**Directions for this task**
Exact copy, no pictures: reproduce the lines from the one that holds "Adapter chuyển đổi" through the end of the entries.

[Records contained in a dataset]
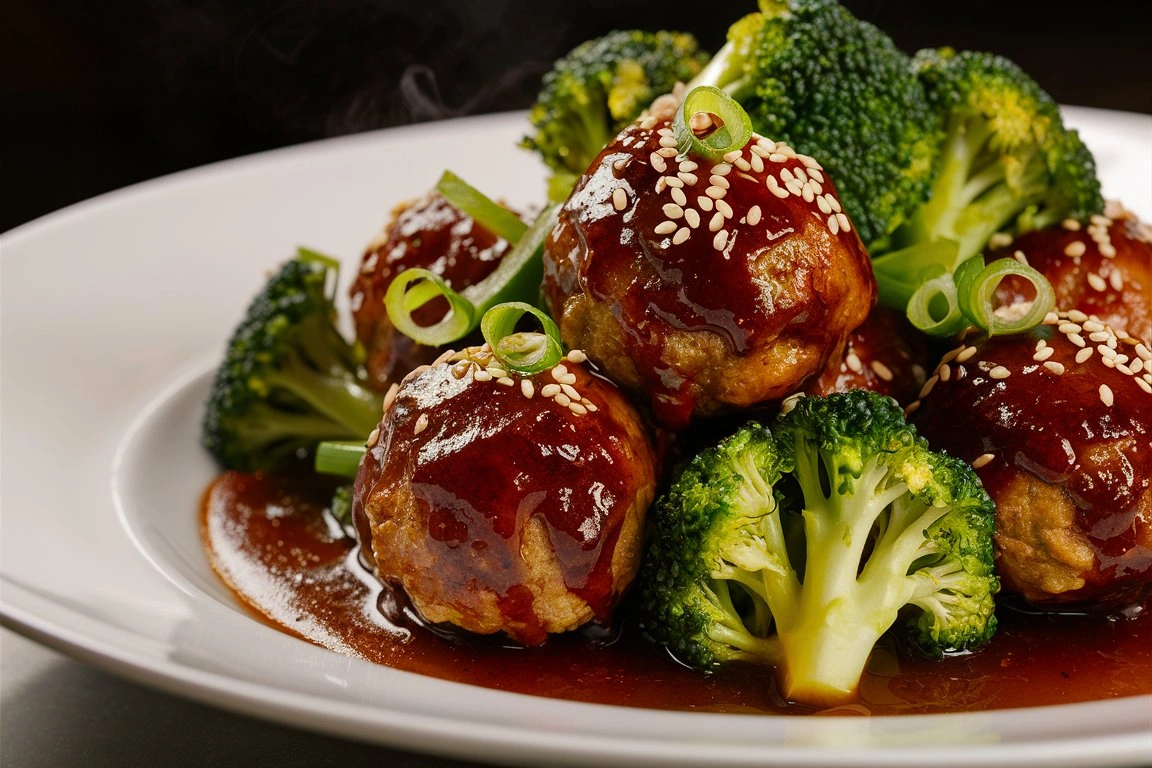 A delicious plate of Mongolian Meatballs and Broccoli, coated in a glossy, sticky sauce and garnished with sesame seeds and green onions. Served alongside steamed broccoli for a perfect balance of flavors.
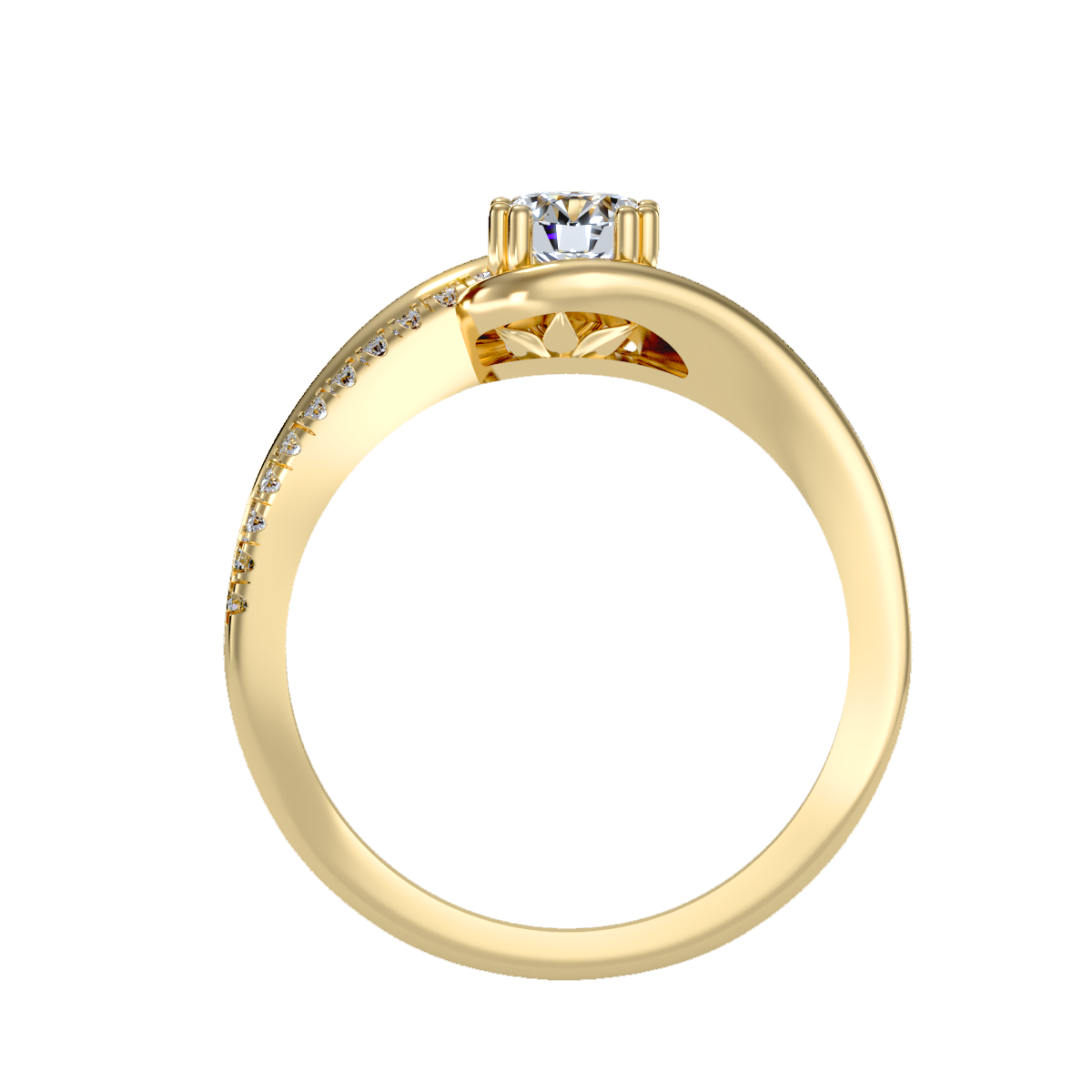 Solitaire ring with accent stones .74 ct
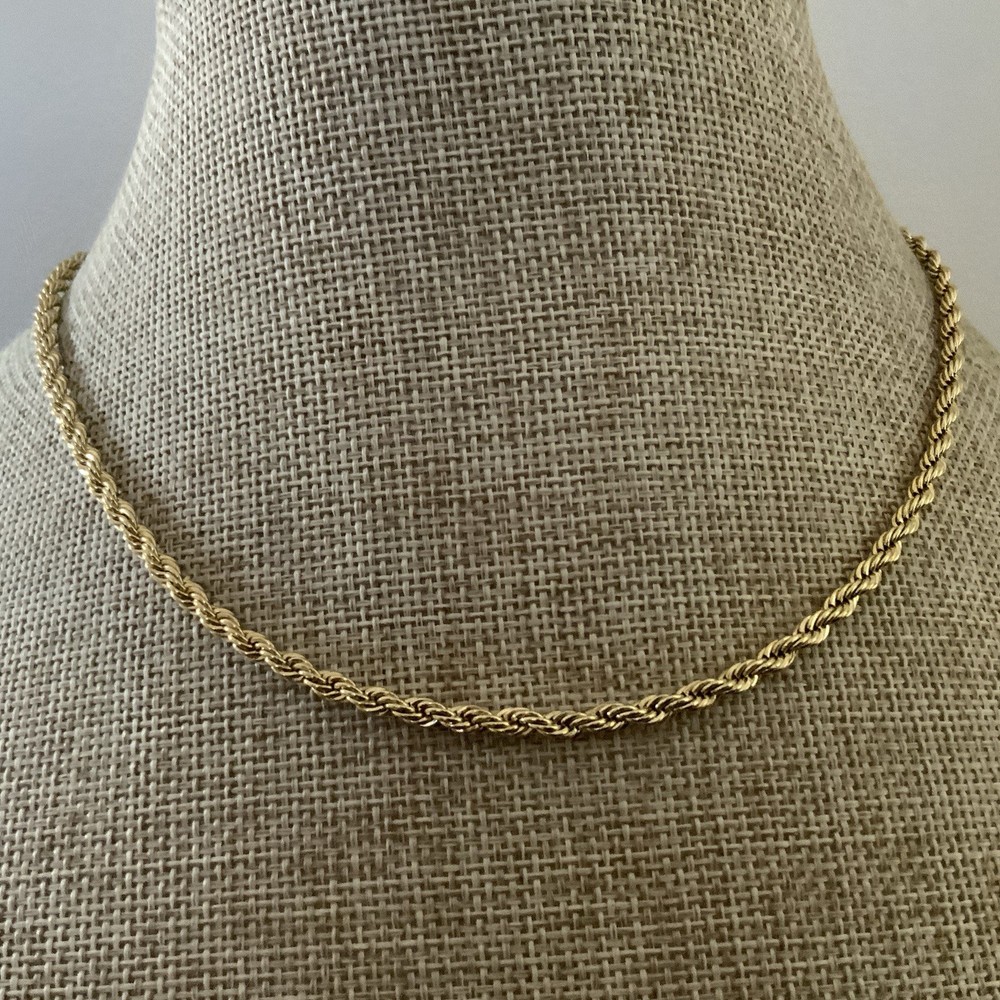 Vintage 90s REVLON twisted classic rope chain necklace in gold tone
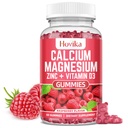 Calcium Magnesium Zinc Gummies with Potassium ויטמין C, B6, D3, K2 - Calcium for Women & Men - Calcium Magnesium Zinc ויטמין Multi עבור עצמות, שרירים, שיניים, Calm Mood & Immunity - 60 Cts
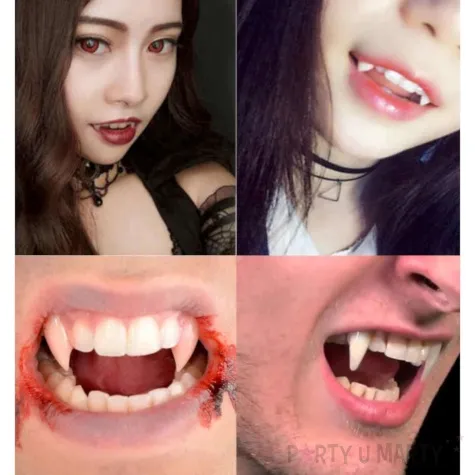 sztuczne zeby kly wampira termoplastyczny klej widmann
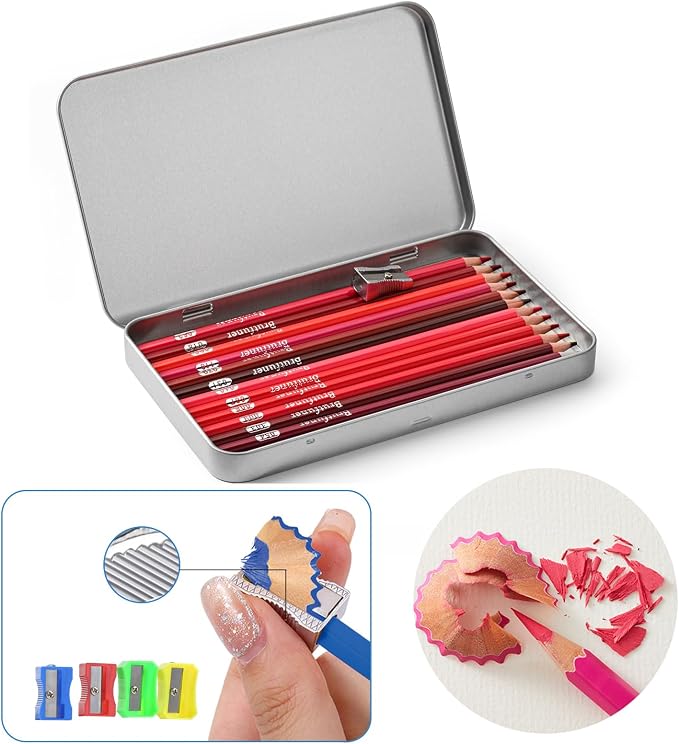 12 Red Colored Pencils,Oil Based Colored Drawing Pencil Set for Adults Coloring Books Drawing Sketching Art Supplies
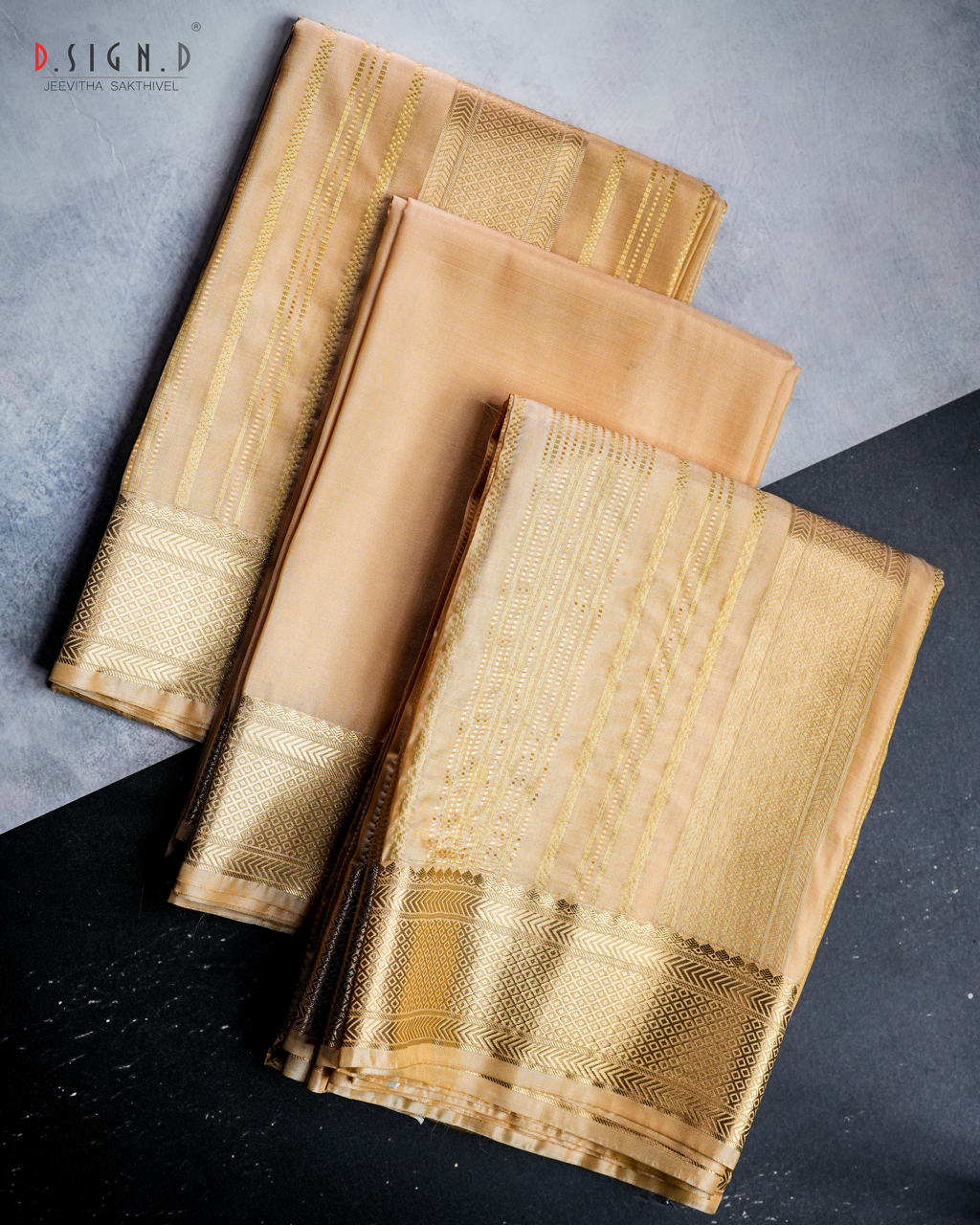 Vastra Gold Pin Stripes Fine silk dhoti Set - Bridal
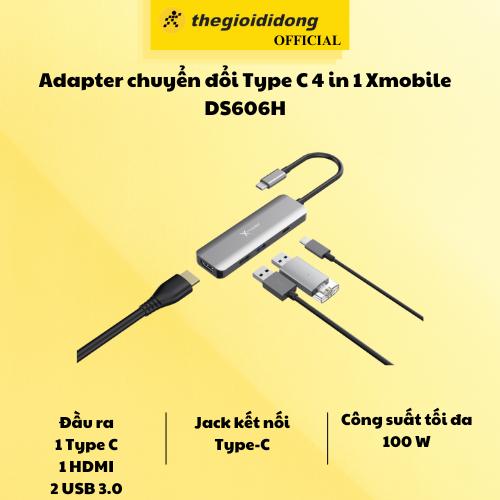 Adapter chuyển đổi Type C 4 in 1 Xmobile DS606H - Hàng Chính Hãng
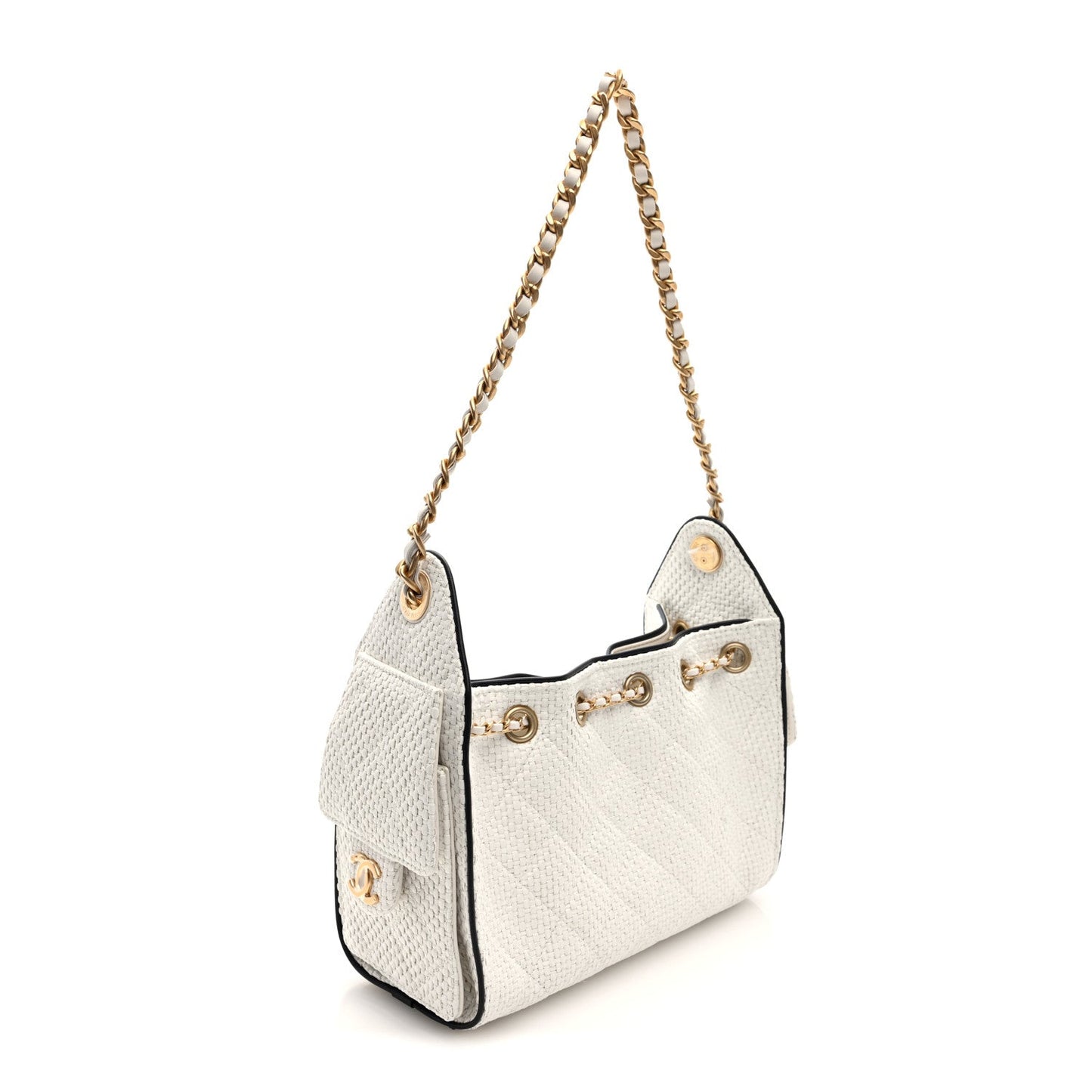 Braided Raffia Calfskin Mini Chanel 25 Handbag White Black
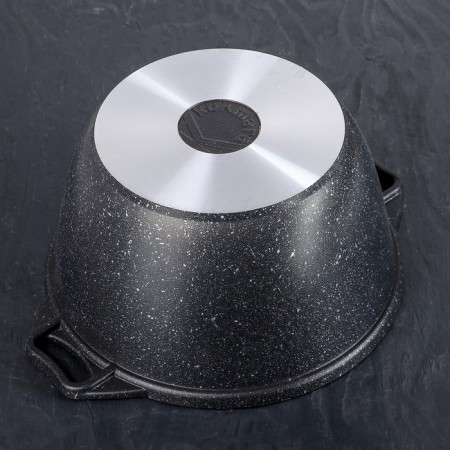 A set of kitchen utensils “Marble No. 6”, a lid, a removable handle, anti -stick coating, color dark marble-7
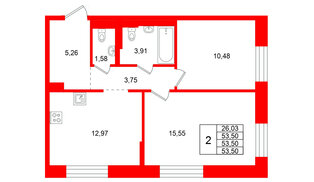 Квартира в ЖК Кольские огни, 2 комнатная, 53.5 м², 6 этаж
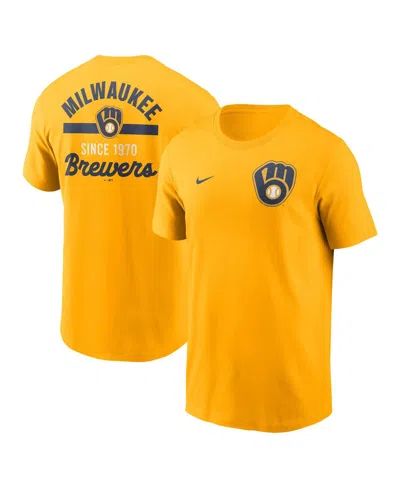 NIKE MEN'S GOLD MILWAUKEE BREWERS 2-HIT T-SHIRT
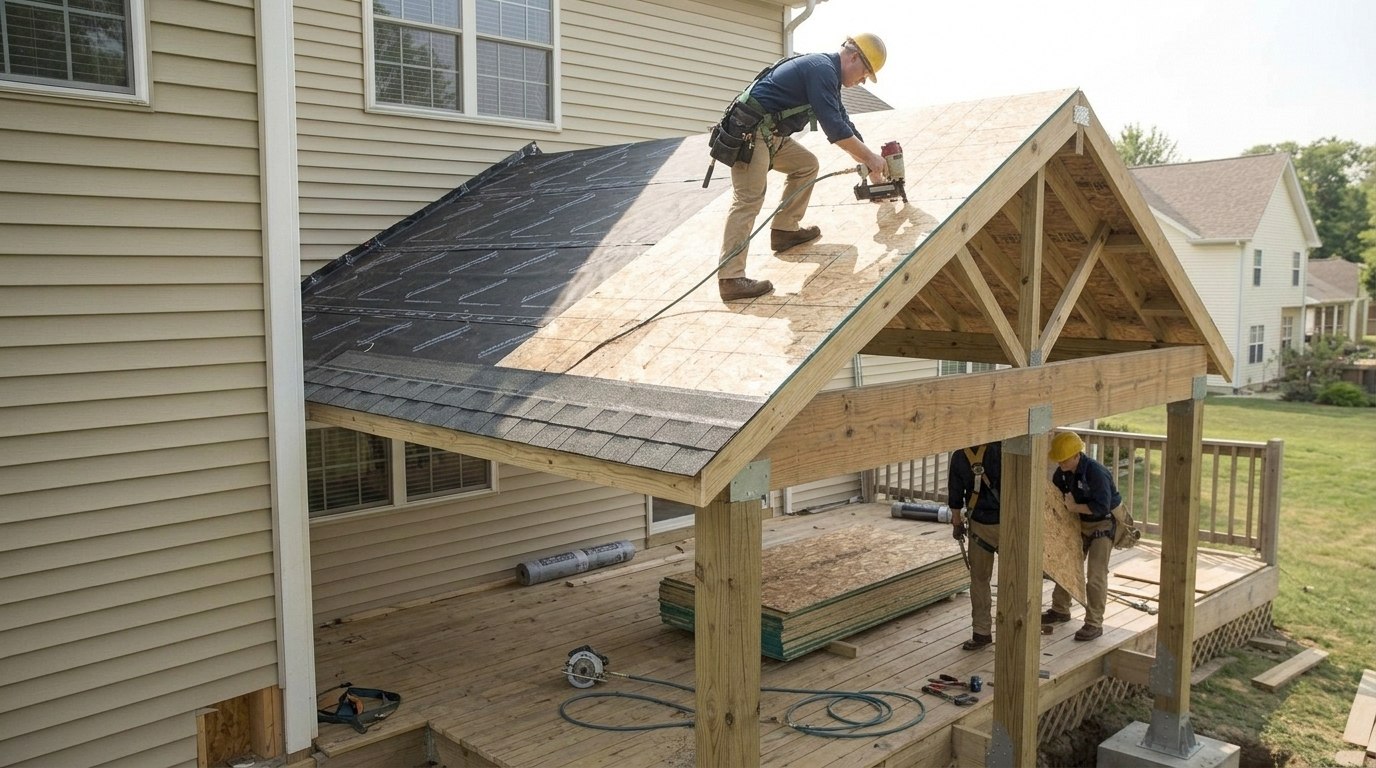 Workers installing roof sheathing, underlayment, and roofing over an attached deck.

**Answer section**
 Adapter chuyển đổi Type C 4 in 1 Xmobile DS606H - Hàng Chính Hãng
 Braided Raffia Calfskin Mini Chanel 25 Handbag White Black
 A set of kitchen utensils “Marble No. 6”, a lid, a removable handle, anti -stick coating, color dark marble-7
 Квартира в ЖК Кольские огни, 2 комнатная, 53.5 м², 6 этаж
 NIKE MEN'S GOLD MILWAUKEE BREWERS 2-HIT T-SHIRT
 Workers installing roof sheathing, underlayment, and roofing over an attached deck.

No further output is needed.